The Times declares the dramatic $368.5 billion tobacco deal, which promised to revolutionize the marketing and regulation of cigarettes when it was proposed three months ago, "all but dead." Congress has been less than enthusiastic because many members view the prepackaged deal as trespassing on their turf of working out bills. Other big factors: the tobacco lobby's impolitic attempt to slip a $50 billion rebate into the budget bill, and the widespread belief that if the companies are willing to pay $368 billion, they must be able to afford more. The paper reports that although the White House helped shaped the deal, it has steadily backed away from it--so much so that President Clinton is being urged by advisors to offer only a general outline of a national tobacco policy rather than a detailed piece of legislation.
One can't help but think that the NYT's editors have spent a little too much time on Princess Diana and Mother Teresa coverage this past week. Their headline for the tobacco deal story? "Tobacco Accord, Once Applauded, Is All But Buried."

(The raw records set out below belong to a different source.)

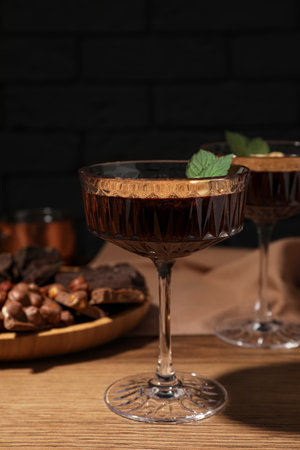 Dessert bowls of delicious hot chocolate and ingredients on wooden table, closeupの写真素材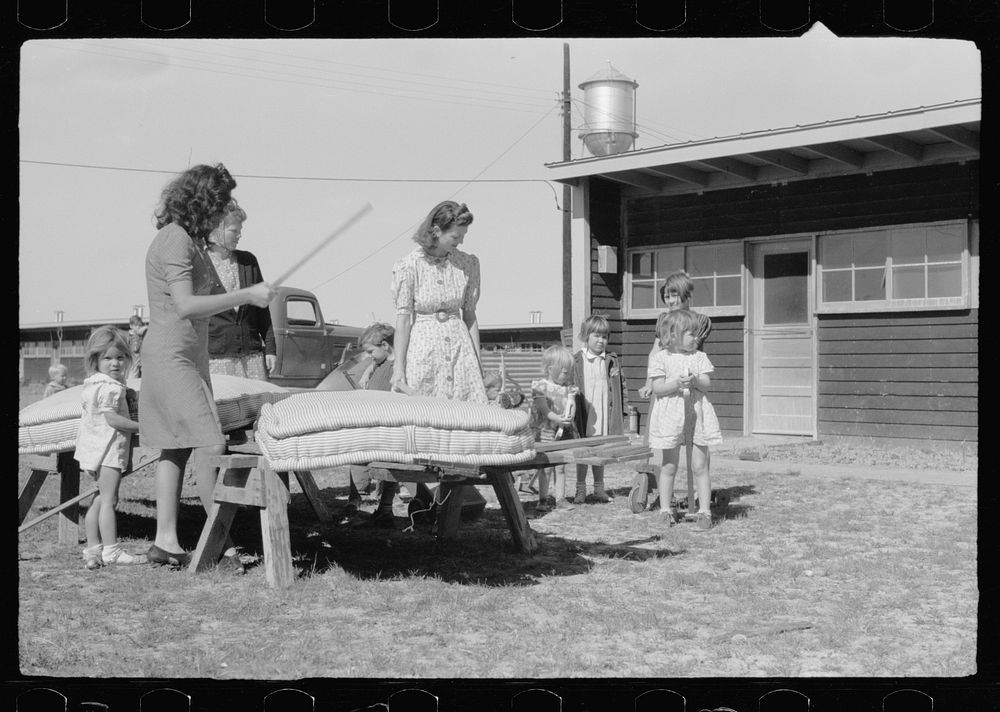[Untitled photo, possibly related to: In front of the community store, FSA (Farm Security Administration) camp, Sinton…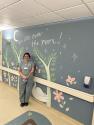 Nurse by painted mural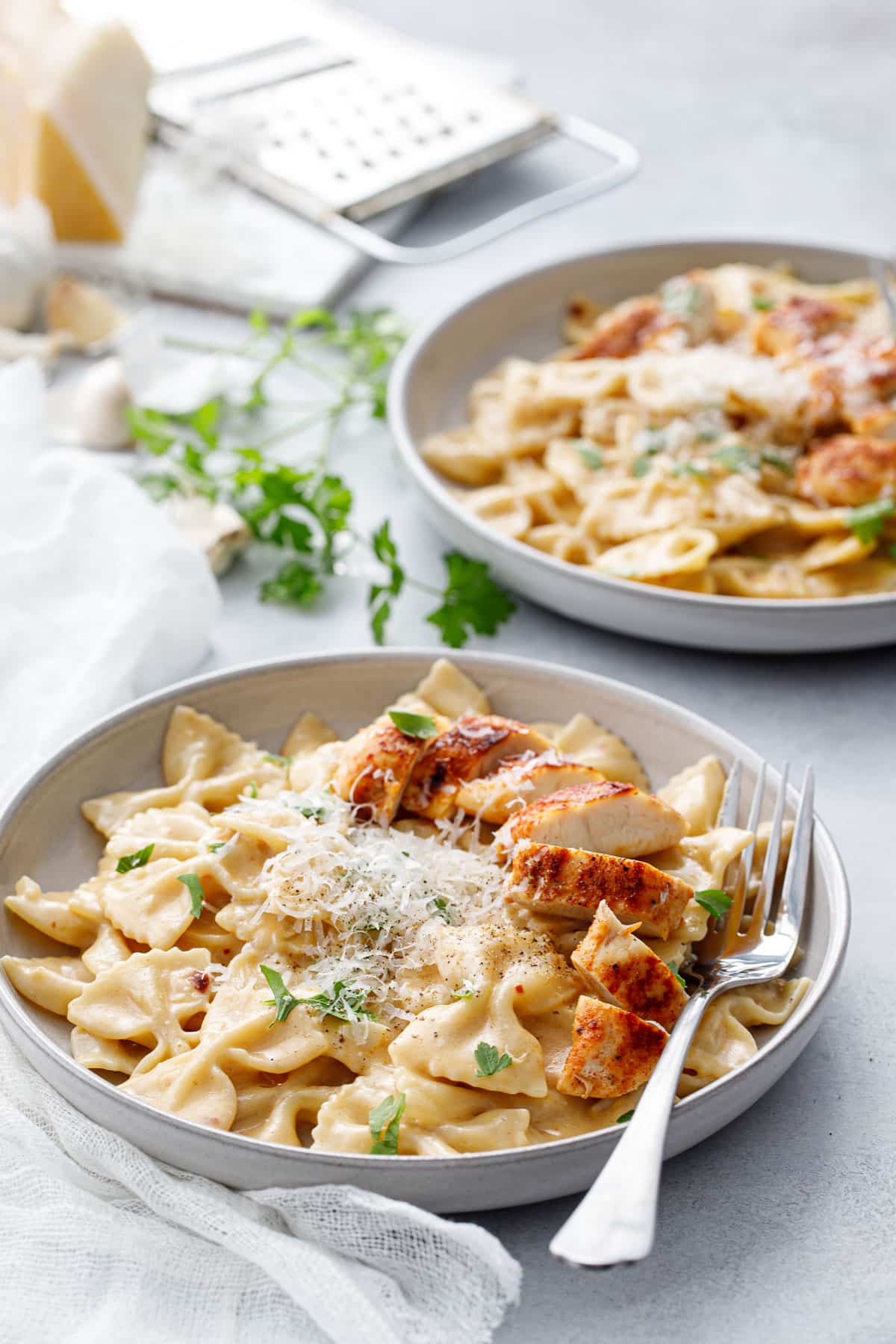 Two shallow bowls with Creamy Garlic Chicken Pasta, napkin and forks and a piece of parmesan cheese in the background.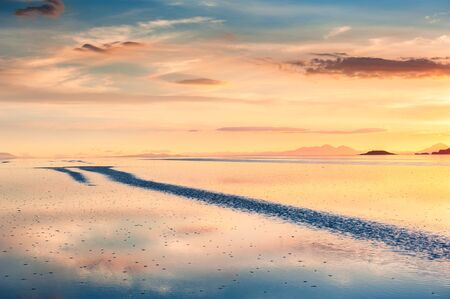 Mirror surface of Salar de Uyuni salt flat at sunset in Bolivia. South America landscapesの写真素材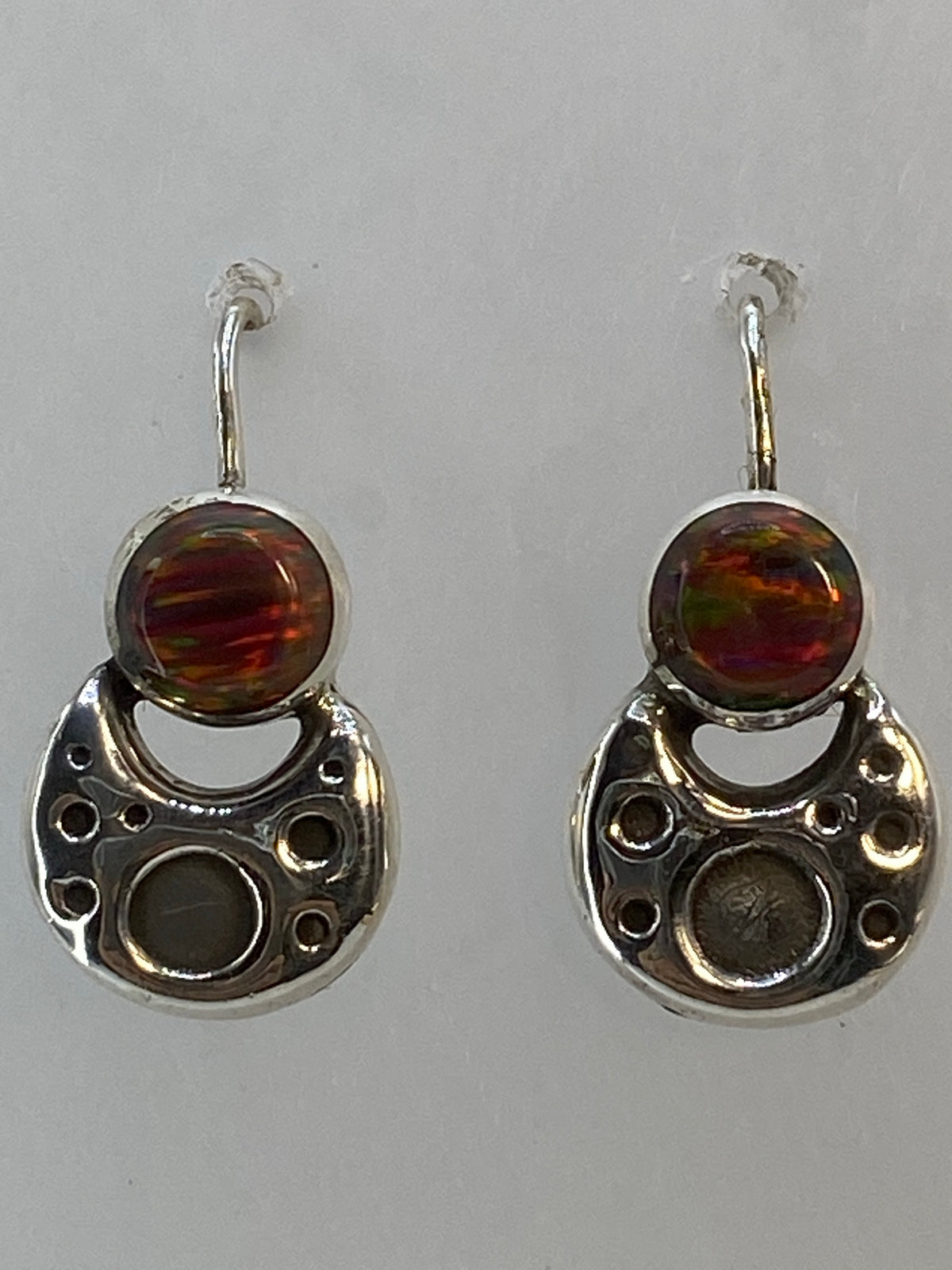 Vista lateral de los aretes delicados de 2 cm con cierre de gancho de plata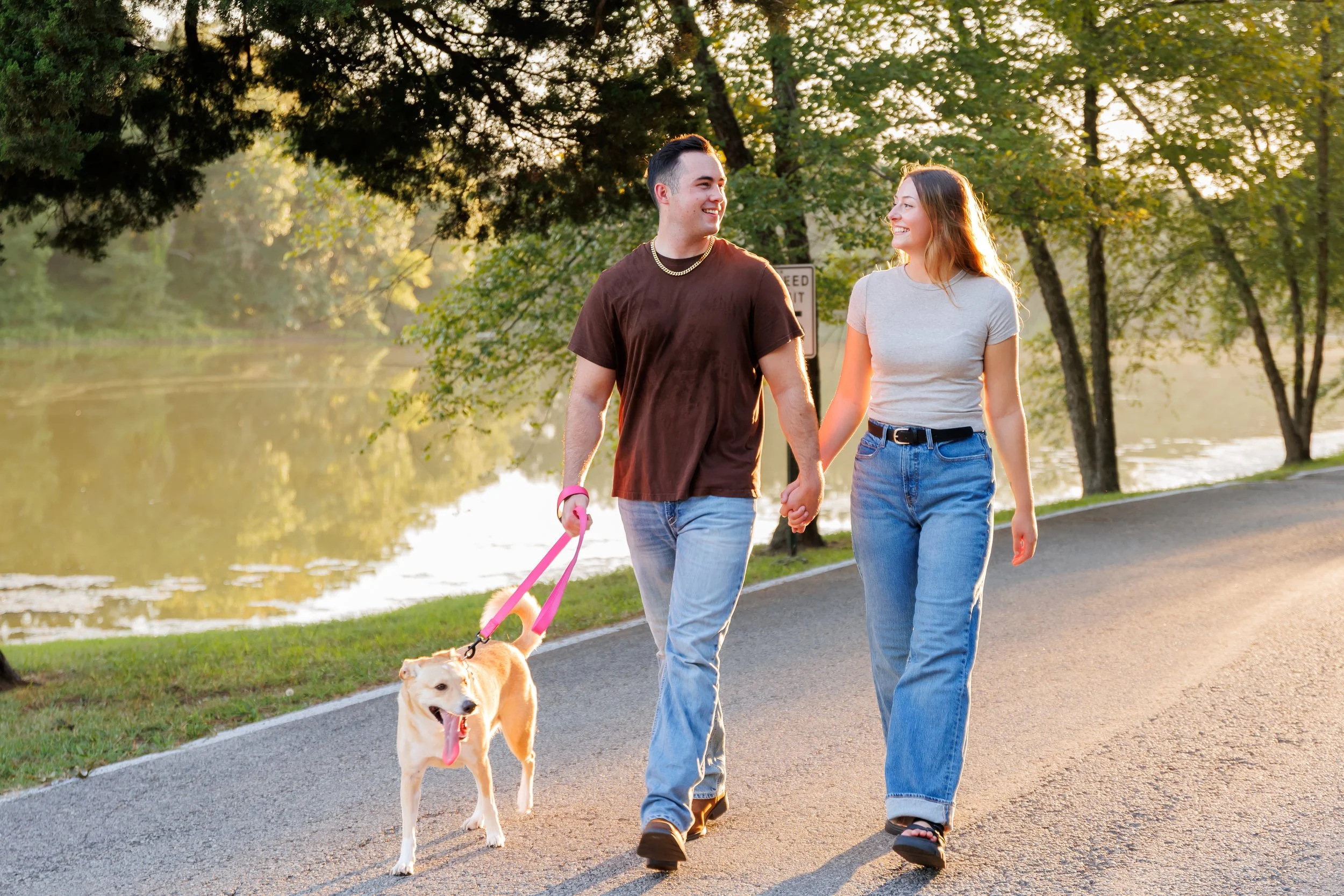 A young man and woman walking hand in hand along a park path, smiling at each other, with a service dog on a leash in front of them, during sunset by a body of water surrounded by trees.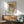 May include: Framed Picasso-style cubist portrait poster hanging on white wall above wooden sideboard, featuring abstract female figure in blues, greens, oranges and yellows. Scene shows mid-century modern furniture including mint green upholstered armchair with wooden frame, round coffee table, and white ceramic table lamp. Natural sunlight creates dramatic shadows across the minimalist room setting.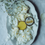 Thumbnail: yellow arnica relief balm in a gold tin on flowers
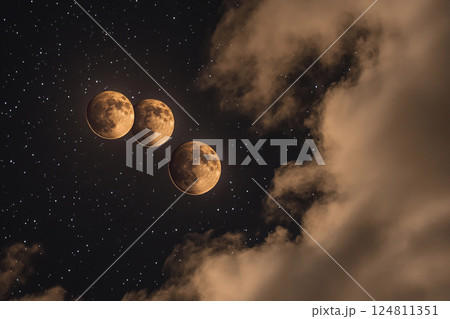 Three full moons shining brightly in a starry night sky 124811351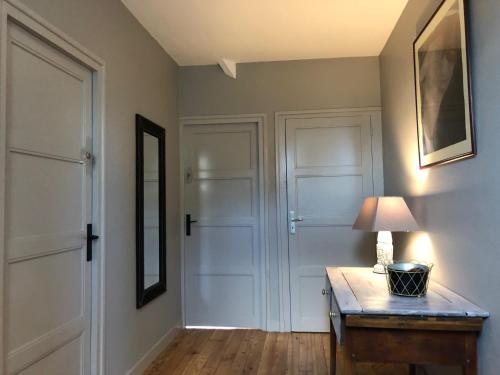 a hallway with white doors and a table with a lamp at Maison bord de mer et centre Feart in Dinard
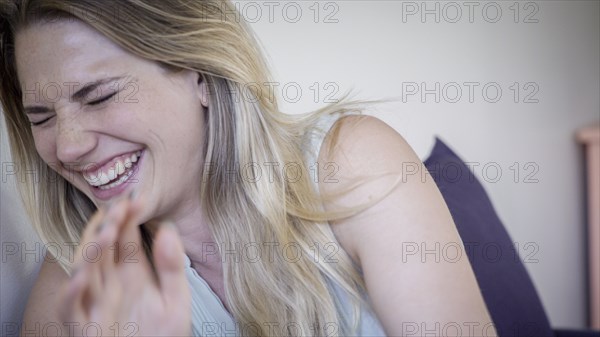 Caucasian woman laughing in living room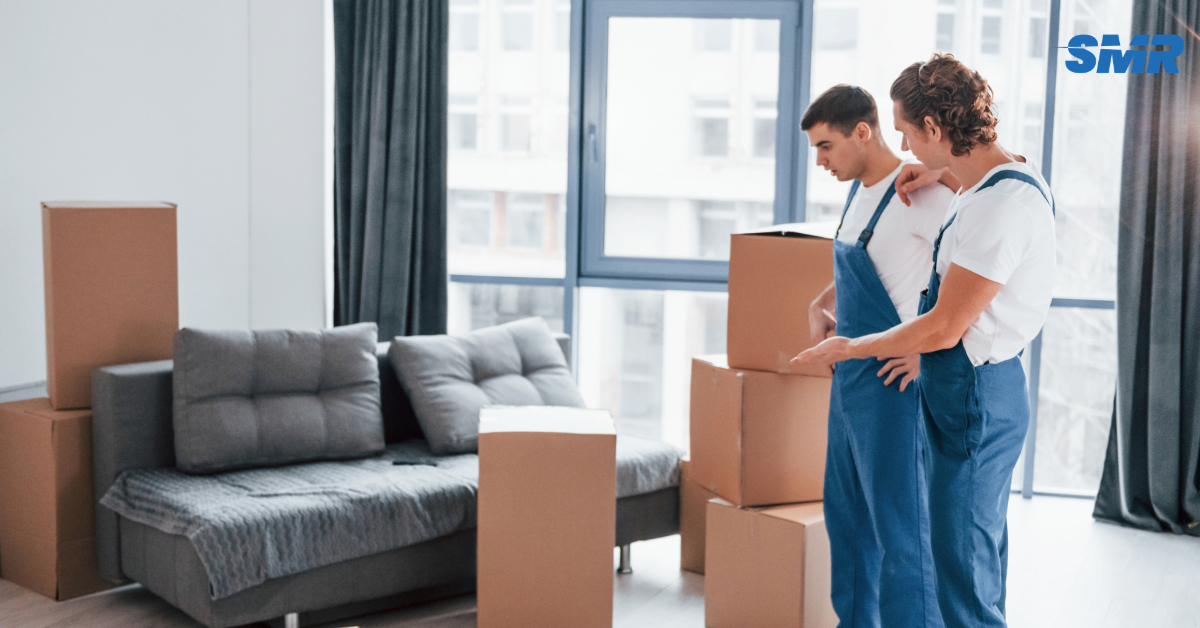 Experienced movers carrying furniture during a house removal in Islington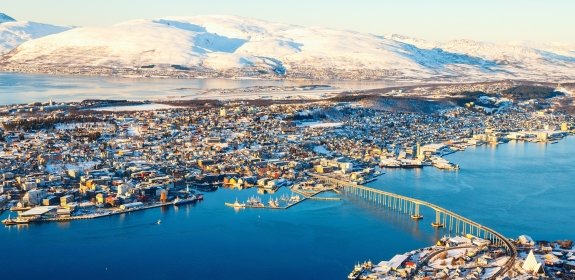 Above view of beautiful winter landscape of snow covered town Tromsoe in Northern Norway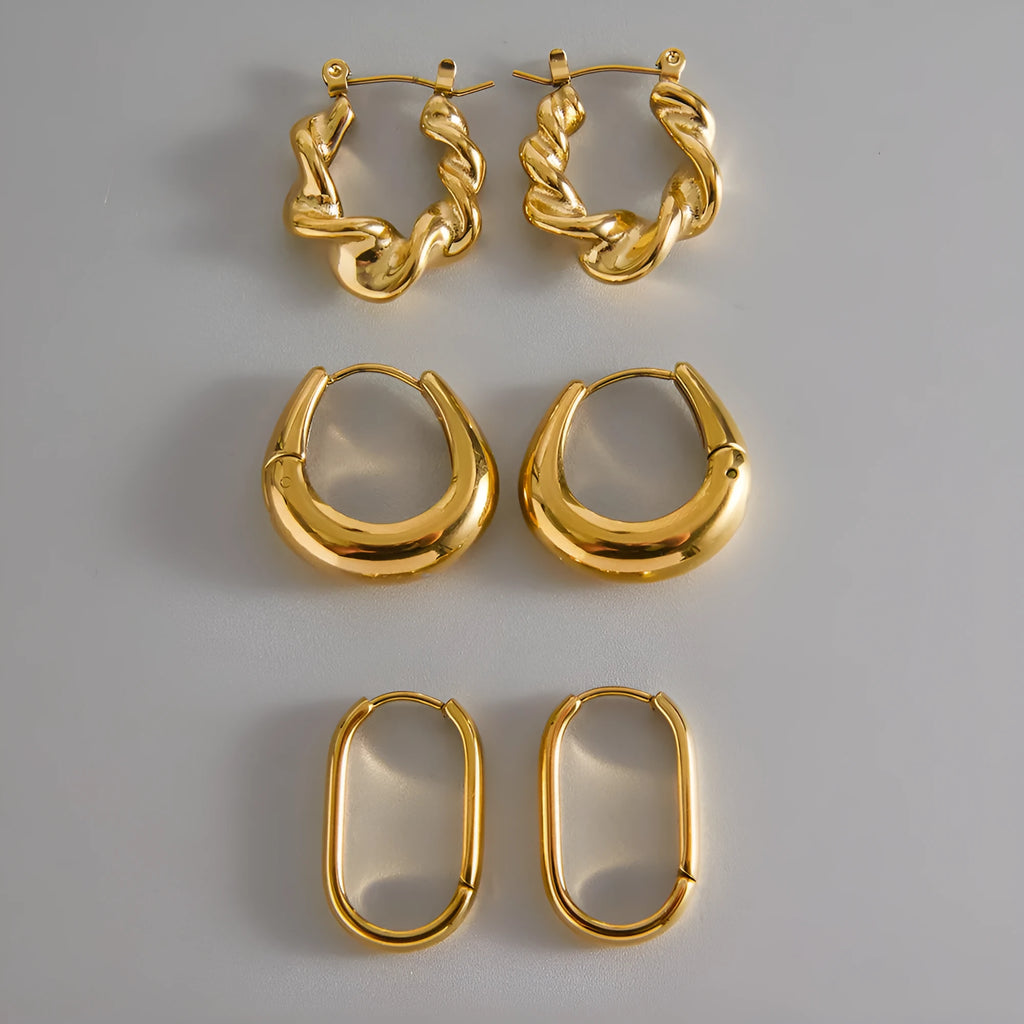 18K gold titanium steel geometric ellipse ear clip for women, light luxury style, on a model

Because of its time-zone advantage, the LAT was able to put its initial coverage of the Mother Teresa funeral in its Saturday edition. But the WP and NYT couldn't cover it until today. The NYT account emphasizes something that the others missed, namely that the crowds in attendance were far smaller than expected. The main reason, says the paper, is that "the poor, the handicapped and the troubled--the people Mother Teresa spent her life helping--were barred from taking part, at the insistence of the Indian military, largely for security reasons."
The WP runs a front-page story about a graduate entrance exam cheating scheme recently broken up by federal investigators. It had been operating from coast to coast for three years and before it was discovered had enabled several hundred students to gain acceptance into graduate schools with fraudulent GRE, GMAT and ESL scores that some had paid up to $9,000 for. The scheme involved paid expert test-takers on the east coast, lots of cell calls, and the distribution of pencils with answer keys on them to the cheating test-takers on the west coast.
The LAT has a front-page piece about one somewhat surprising consequence of the Army sex scandals: the service is planning to put into effect very soon new physical training standards for women that are much closer to male norms.
The NYT reveals on its front page that it has gotten ahold of the deposition recently given to Republican Thompson committee lawyers by Harold Ickes. The depo makes it clear that Ickes isn't exactly spilling his guts on the White House fund-raising operation. In response to the usual request to describe his background for the record, Ickes replied, "I was born. I grew up. I went to school."
The Times also covers the fundraising scandal in its lead editorial, which says that in light of all the recent revelations, Janet Reno's continued failure to call for an special counsel "looks like a political blocking operation to protect President Clinton and Mr. Gore." The editorial goes on to call for a special counsel and says it would be a political subterfuge to limit him/her to Mr. Gore. "His boss has earned one, too."
The NYT "Corrections" page carries this item: "A report last Sunday about the wedding of Lily Changchien and John Richard Middleton Jr. misstated the honors with which they graduated from Harvard University. They both graduated magna cum laude, not cum laude." At press time, corrected GPAs were not available.